Army Has Solved Requirements Creep, Bush Says
Army Has Solved Requirements Creep, Bush Says

The Army’s top weapons and equipment buyer says the service is on the cusp of completing a major shift in acquisition at speed—and with requirements to support major allies in two global wars in Ukraine and the Middle East and more threats on the horizon in the Indo-Pacific, there’s no time to waste.
Douglas Bush, assistant secretary of the Army for acquisition, logistics and technology, told an audience at the Association of the U.S. Army's Annual Meeting and Exposition Oct. 14 that recent milestones achieved in new programs such as the M10 Booker armored fighting vehicle, M7 next-generation squad weapon replacement and M250 machine gun demonstrate a new norm in which fielding times for high-priority programs will be three to four years, versus the seven to 10 years that has been traditional for the service.
In the case of the weapons, Bush said the time from requirement to fielding was around three years, while the Booker took about four years to go from identified requirement to low-rate production.
"We've gotten actual programs into production and fielded to soldiers in times that were never thought possible before," Bush said.
Bush also said he believes the Army has overcome the longstanding military challenge of "requirements creep," the phenomenon in which more and more qualities and features get added to requirements documents, making acquisition programs more expensive and slowing down development.
"Frankly, I think the Army's got this now," Bush said.

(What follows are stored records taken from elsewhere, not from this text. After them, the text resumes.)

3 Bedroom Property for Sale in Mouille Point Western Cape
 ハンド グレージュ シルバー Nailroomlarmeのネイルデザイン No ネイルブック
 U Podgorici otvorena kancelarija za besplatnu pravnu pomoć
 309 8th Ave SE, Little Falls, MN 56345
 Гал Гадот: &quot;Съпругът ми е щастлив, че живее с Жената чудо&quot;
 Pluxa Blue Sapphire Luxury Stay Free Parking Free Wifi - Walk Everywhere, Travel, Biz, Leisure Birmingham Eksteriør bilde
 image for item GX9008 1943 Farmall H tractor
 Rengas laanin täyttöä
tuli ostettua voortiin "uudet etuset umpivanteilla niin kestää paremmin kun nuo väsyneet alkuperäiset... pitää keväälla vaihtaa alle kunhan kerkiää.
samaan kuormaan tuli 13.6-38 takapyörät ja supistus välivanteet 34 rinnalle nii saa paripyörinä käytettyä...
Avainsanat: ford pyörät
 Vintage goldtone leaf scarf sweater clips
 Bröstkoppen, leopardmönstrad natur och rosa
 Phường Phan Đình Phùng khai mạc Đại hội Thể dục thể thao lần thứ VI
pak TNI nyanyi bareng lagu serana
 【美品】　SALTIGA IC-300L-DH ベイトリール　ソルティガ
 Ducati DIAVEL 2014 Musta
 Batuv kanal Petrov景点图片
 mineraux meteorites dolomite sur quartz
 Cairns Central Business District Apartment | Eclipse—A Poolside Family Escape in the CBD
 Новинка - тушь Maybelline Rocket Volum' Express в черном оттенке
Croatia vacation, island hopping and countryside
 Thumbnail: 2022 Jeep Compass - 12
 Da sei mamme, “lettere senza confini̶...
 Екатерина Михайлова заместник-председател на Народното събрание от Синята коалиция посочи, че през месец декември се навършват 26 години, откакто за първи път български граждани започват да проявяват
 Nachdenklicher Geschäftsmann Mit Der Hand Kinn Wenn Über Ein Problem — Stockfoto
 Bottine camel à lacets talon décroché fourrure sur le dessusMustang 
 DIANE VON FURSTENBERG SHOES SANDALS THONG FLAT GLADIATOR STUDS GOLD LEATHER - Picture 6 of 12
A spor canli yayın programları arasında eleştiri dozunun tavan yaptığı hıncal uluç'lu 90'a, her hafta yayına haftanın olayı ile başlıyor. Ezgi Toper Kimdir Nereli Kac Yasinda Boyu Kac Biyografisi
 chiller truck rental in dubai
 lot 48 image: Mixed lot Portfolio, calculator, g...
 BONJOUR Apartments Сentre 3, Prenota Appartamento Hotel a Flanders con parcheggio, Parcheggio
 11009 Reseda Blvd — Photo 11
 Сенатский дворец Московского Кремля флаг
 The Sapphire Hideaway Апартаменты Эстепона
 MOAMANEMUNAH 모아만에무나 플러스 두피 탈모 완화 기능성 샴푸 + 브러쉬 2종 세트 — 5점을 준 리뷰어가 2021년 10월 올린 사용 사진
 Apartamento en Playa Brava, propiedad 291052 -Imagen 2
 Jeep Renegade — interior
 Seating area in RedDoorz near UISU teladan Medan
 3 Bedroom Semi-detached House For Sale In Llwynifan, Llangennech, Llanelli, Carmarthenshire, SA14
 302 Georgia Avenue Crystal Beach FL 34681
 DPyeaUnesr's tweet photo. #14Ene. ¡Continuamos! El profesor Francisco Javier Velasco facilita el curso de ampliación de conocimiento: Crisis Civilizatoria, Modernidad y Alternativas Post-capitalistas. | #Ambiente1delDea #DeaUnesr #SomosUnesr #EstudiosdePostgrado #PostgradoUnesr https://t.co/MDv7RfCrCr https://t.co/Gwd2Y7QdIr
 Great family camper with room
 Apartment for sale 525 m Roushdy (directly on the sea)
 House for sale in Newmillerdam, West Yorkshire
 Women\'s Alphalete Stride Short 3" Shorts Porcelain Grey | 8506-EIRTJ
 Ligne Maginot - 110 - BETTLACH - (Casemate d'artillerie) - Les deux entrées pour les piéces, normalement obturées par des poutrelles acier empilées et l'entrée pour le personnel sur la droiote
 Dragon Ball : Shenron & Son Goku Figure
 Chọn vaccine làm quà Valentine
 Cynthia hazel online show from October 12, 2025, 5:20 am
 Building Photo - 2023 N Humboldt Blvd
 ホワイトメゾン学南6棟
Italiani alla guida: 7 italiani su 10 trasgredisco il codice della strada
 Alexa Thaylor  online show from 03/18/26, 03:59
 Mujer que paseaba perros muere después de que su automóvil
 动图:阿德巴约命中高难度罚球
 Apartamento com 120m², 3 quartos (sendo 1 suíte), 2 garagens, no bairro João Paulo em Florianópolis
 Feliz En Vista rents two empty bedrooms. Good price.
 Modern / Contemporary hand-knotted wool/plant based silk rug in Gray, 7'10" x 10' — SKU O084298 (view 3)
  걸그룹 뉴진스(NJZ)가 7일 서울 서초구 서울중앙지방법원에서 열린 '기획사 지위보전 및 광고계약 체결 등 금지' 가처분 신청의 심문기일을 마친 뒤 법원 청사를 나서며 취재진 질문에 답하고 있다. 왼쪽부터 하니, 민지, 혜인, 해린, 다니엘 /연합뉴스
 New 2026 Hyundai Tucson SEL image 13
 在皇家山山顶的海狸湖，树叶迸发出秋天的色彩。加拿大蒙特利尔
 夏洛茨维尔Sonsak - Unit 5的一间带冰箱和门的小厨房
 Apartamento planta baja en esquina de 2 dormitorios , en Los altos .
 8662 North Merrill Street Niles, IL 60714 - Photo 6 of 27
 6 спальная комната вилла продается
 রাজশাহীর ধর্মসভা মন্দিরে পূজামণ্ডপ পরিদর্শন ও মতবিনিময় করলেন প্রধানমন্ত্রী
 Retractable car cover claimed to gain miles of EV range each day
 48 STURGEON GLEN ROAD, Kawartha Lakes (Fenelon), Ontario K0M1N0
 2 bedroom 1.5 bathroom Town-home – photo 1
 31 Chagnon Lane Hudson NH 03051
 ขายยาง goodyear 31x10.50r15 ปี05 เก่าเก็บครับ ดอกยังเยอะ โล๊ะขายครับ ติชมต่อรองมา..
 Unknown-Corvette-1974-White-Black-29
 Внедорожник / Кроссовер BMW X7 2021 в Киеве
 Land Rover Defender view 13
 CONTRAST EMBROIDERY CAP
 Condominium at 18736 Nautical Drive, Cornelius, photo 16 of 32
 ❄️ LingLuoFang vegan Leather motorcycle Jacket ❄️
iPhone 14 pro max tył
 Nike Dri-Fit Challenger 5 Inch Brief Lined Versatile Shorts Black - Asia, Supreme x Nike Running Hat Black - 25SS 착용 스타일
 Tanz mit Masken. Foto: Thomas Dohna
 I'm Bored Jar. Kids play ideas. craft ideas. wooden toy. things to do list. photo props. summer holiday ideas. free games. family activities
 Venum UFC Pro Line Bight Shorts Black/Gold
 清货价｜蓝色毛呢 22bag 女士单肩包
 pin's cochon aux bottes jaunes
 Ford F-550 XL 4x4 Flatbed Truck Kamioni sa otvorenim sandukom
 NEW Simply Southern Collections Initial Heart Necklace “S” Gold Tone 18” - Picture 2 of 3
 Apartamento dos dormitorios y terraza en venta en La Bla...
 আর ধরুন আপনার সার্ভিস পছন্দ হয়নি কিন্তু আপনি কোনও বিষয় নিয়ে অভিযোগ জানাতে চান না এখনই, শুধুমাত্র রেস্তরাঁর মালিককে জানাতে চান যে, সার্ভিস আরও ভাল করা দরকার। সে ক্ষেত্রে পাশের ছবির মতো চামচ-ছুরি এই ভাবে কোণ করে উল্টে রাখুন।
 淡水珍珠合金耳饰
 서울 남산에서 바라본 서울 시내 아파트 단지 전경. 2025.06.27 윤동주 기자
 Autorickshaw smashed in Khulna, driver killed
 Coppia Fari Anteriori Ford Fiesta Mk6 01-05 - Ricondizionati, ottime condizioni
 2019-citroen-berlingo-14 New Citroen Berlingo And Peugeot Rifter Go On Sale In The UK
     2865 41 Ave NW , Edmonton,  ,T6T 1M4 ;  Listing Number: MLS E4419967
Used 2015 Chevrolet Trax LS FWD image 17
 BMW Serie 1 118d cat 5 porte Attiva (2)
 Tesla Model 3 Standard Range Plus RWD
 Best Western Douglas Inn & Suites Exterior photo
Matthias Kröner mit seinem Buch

While he acknowledged there would be exceptions, he said a cultural transformation was taking place in which requirements were less rigid and considered in the context of user feedback and industry's ability to execute.
"We now have the ability to adjust the requirements to what's possible and doable within our other resource boundaries, and we've been doing so on a number of programs," Bush said.
He cited the Army's pursuit of launched effects, such as weapons or drones dispatched from aircraft. Officials, he said, had observed that early prototypes didn't meet their high-speed requirements, so they opted to develop a slower project that they'd then follow up with a full-capability program as technology matured.
Big challenges still lie ahead, however, Bush said. He called on the companies providing software to the Army to "work with us" as the service sought to create processes from the ground up to update software faster and more independently. The war in Ukraine, he said, reinforced the value of production at scale, particularly in the realm of unmanned systems and precision weapons.
"In most cases, nobody has better stuff than us, but that exquisite capability does come at a time cost in producing them," Bush said. "Our precision weapons, the really high-end ones, still take two or three years to make one. We've got to work with industry to find a way to make them perform at that level, but also be producible faster than that."
Gen. James Rainey, commanding general of Army Futures Command, said the Army is setting ambitious timelines to solve the biggest challenges ahead, including human-machine teaming and the full integration of unmanned systems, machine learning and robotics into warfare.
Major experimentation and development, he said, will happen in the next two years, with transformations set to be fully realized before 2040.
"The closer you are to getting shot, the better you are at innovating," Rainey said.